Shakhtar kritisierte die FIFA erneut für die Legionärsregel

FIFA wurde in Shakhtar erneut wegen der Regel für ausländische Spieler kritisiert

CEO des Donezker Klubs Sergej Palkin, hält eine solche Entscheidung für schädlich für die Mannschaft.

In Shakhtar gingen sie wegen der Regel für UPL-Legionäre erneut durch den Internationalen Fußballverband. In einem Interview mit dem Mirror sagte der Generaldirektor der Pitmen, dass die Neuerung ukrainischen Klubs schade.

Laut Serhiy Palkin beliefen sich allein die potenziellen Verluste im Klub aus Donezk auf etwa 50 Millionen Euro.

< p> „Anscheinend hat sich 2014 niemand groß um die Situation in der Ukraine gekümmert. Im Fußball war alles gleich wie in anderen Bereichen. Die Fifa hätte schon 2014 auf die Situation von Shakhtar achten sollen, und nicht jetzt.“ p> < p> Ihre Legionärsentscheidung unterstützt die ukrainischen Klubs nicht, sie zerstört sie. Es gibt viele Ausländer in der Meisterschaft, und die FIFA-Entscheidung schadet dem Klub.
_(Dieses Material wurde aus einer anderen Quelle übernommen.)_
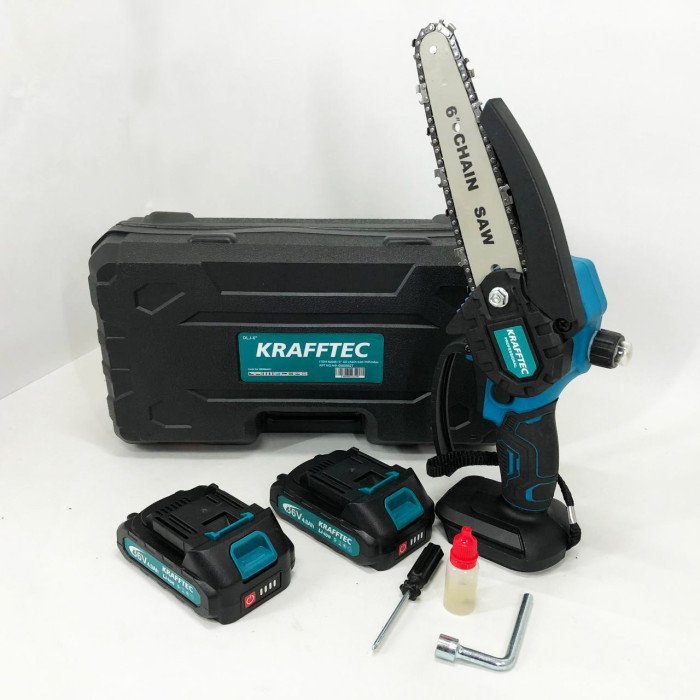 Акумуляторна ланцюгова міні пила 15 см у кейсі Krafftec (36V 4 Ач) + 2 акумулятори та індикатором заряду
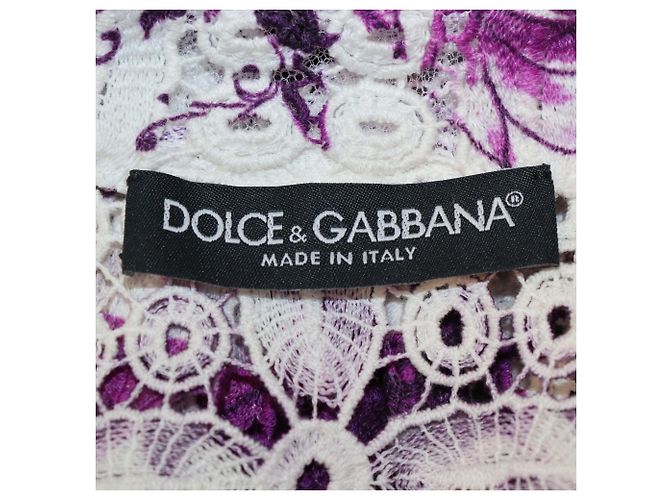 Camisa Dolce & Gabbana de algodón con encaje de crochet y estampado Majolica púrpura/blanco - vista 5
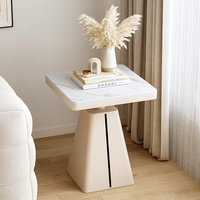 Table basse mobile en métal style crème avec plateau en ardoise, durable, moderne, pour salon, petite table carrée, mobilier de maison créatif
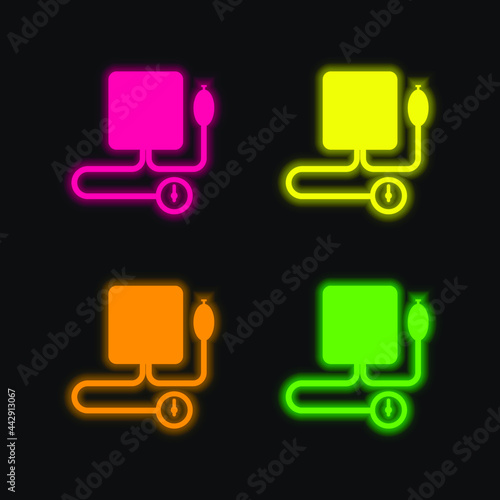 Blood Pressure Gauge four color glowing neon vector icon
Wir haben bereits Geschäfte im Wert von fast 50 Millionen Euro verloren.

< p> Bei der Entscheidungsfindung musste die FIFA diese allen interessierten Parteien, einschließlich der UAF und allen ihren Mitgliedsklubs, mitteilen. Es war notwendig, eine Entscheidung auf der Grundlage der von ihr erhaltenen Informationen zu treffen.

Aber die FIFA traf eine Entscheidung, ohne mit einem der Vereine zu kommunizieren, ignorierte den von allen Vereinen unterzeichneten Brief und E-Mails, eingereicht von unserer Rechtsabteilung.

Wir haben die FIFA darüber informiert, dass wir sie verklagen werden, wenn sie uns in dieser Situation nicht hilft. Schließlich gab ihre Entscheidung dem Agenten die Möglichkeit, sich zu bereichern. Sie können anderen Clubs mitteilen, dass sie Shakhtar nicht bezahlen müssen, weil sie mehr Provisionen erhalten”, sagte Palkin.